Keywords:Profibus-DPhardwaresoftwarefunction
1. Introduction
The automated water treatment control system is the water supply system for a steel plant's continuous hot-dip galvanizing and color coating project. Automated monitoring and real-time control of water treatment are key to improving efficiency and reducing energy consumption. The system employs a PLC-based process automation monitoring system to automatically monitor all pumps and valves, and programmatically control the operation of aeration and drainage equipment.
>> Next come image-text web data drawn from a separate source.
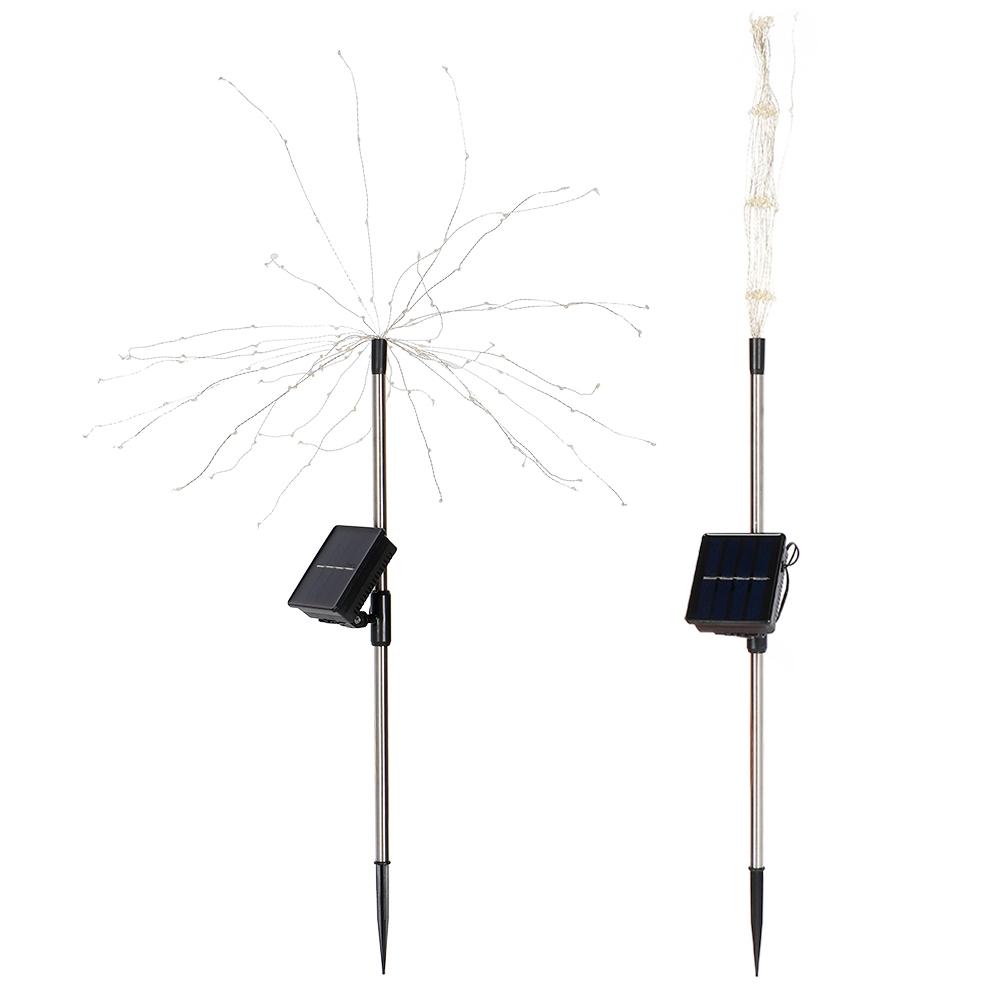 2Pcs Set Outdoor Solar Garden Decorative Lights Lawn Lights Holiday Lighting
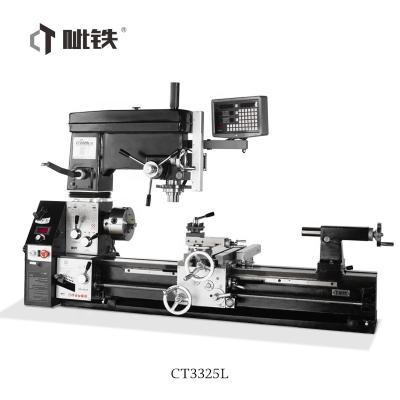 China Building Material Shops Universal Lathe Milling and Drilling Machine 3 in 1 CT3325-L with DRO and NC Variable Speed ​​1.5 Years Supplied from 220/380v; ANH for sale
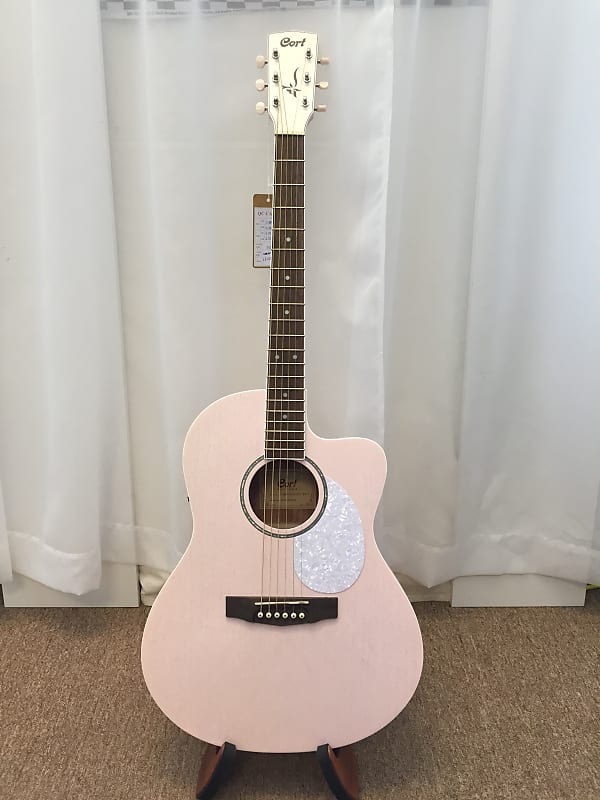 jade classic ppop jade series электро акустическая гитара розовая cort Акустическая гитара Cort Jade Classic PPOP 2020 Pastel Pink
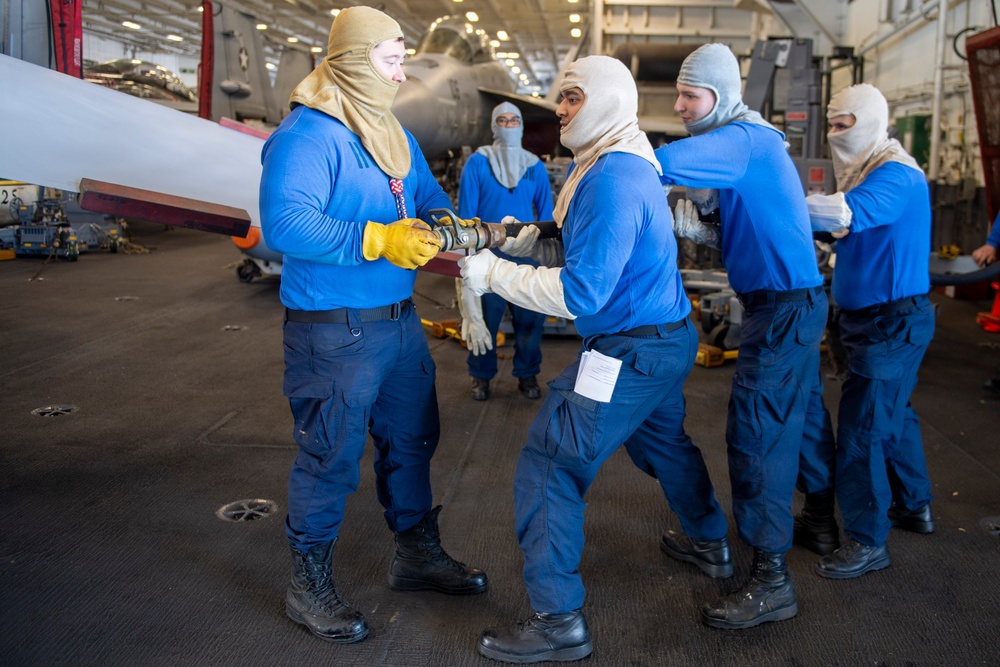 USS Theodore Roosevelt General Quarters Drill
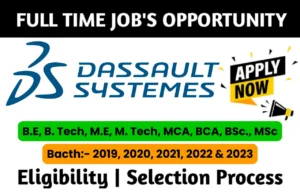 Dassault Systemes Recruitment Drive 2023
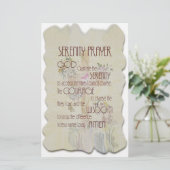 Serenity Prayer Briefpapier (Staand voorkant)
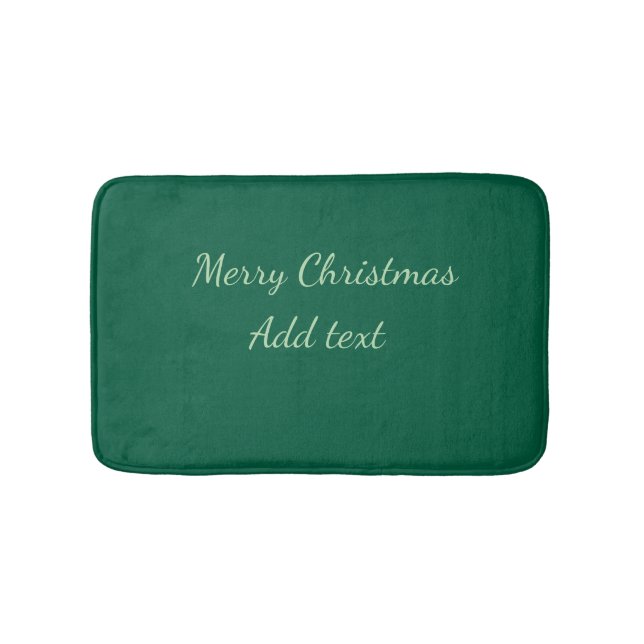 God jul grönt vanlig solo-bakgrundsholida badrumsmatta (Framsidan)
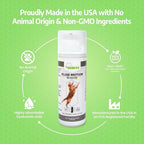 Fluid Motion - Hip & Joint Support for Dogs - Liquid Hyaluronic Acid - Joint Mobility, Skin, & Coat Supplement for Senior Dogs - Apple Flavor - Glucosamine Alternative (30-60+ Day Supply)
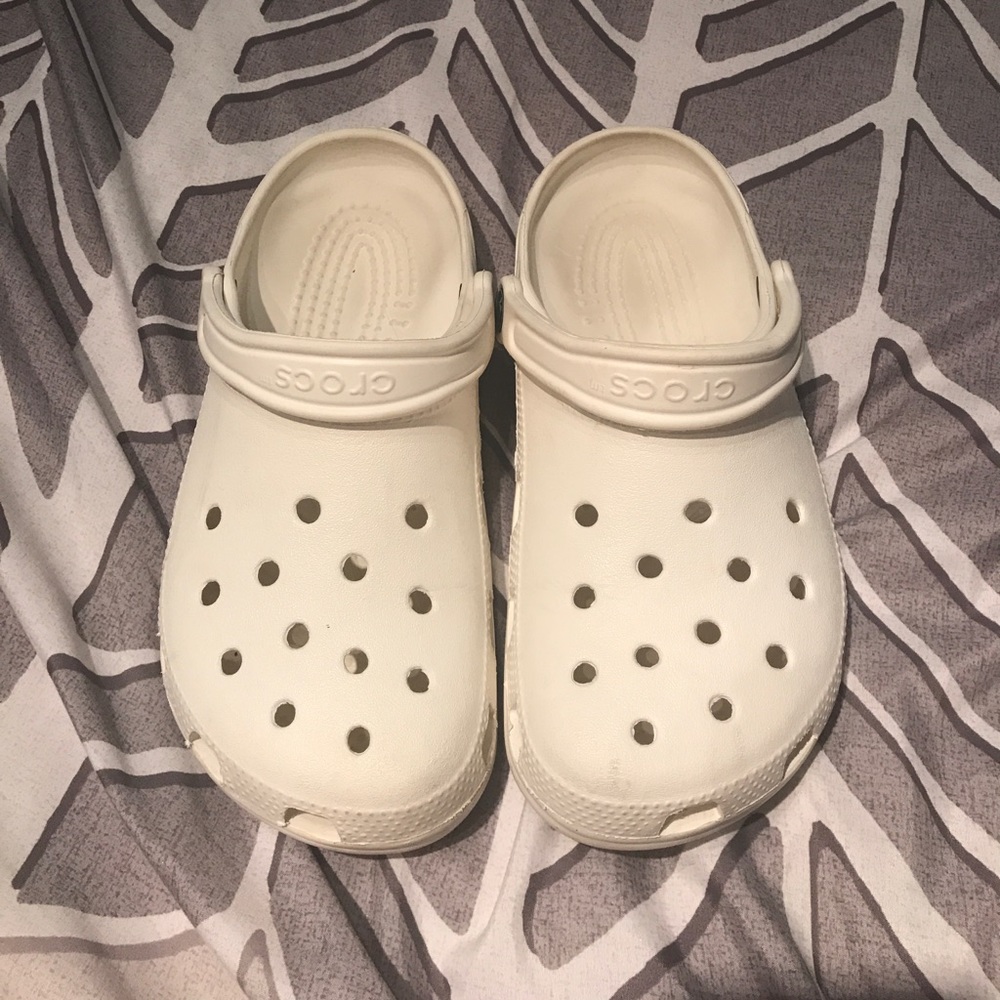 White crocs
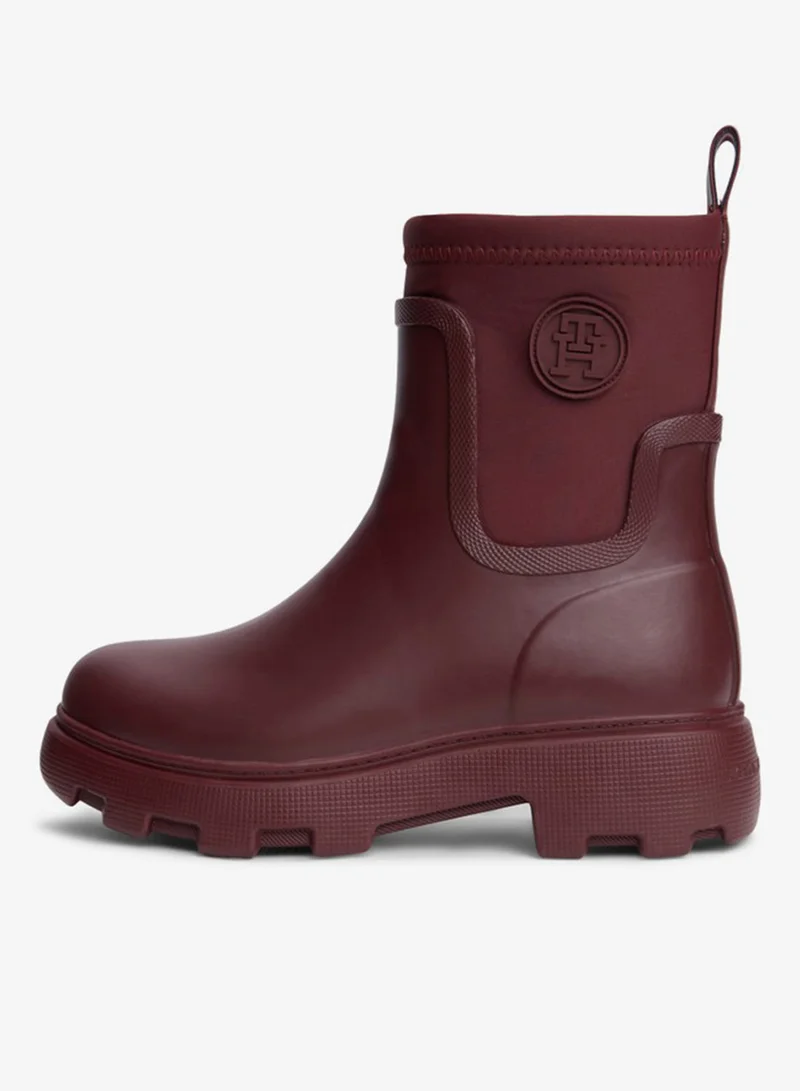 تومي هيلفيغر TH Monogram Cleat Rain Boots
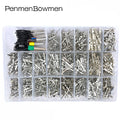 1050 Pcs Car Electrical Wire Terminal 1/1.5/1.8/2.2/2.8/3.5mm Electric Connector Plug Removal Male Female Crimp Auto Plug Pins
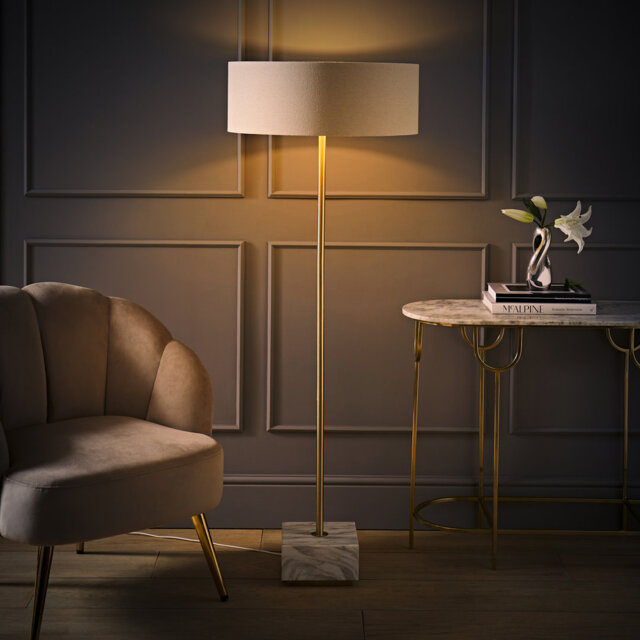 150.5cm Gloss Traditional Floor Lamp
Based on the process requirements, it can control cooling tower fans, water pumps, electric valves, and other equipment in real time. This ensures that water flow and temperature meet industrial water requirements, achieving the goal of automated water treatment process control.
2 System Description
This system has four control stations: a clean circulation pump station, a galvanizing furnace cooling return water booster pump station, a color steel plate cooling return water booster pump station, and a rainwater and sewage pump station. Its system process flow diagram is shown in Figure 1.
Figure 1 System process flow diagram
3. Hardware composition of the control system
The overall system structure is shown in Figure 2. The main parts and their functions are described below.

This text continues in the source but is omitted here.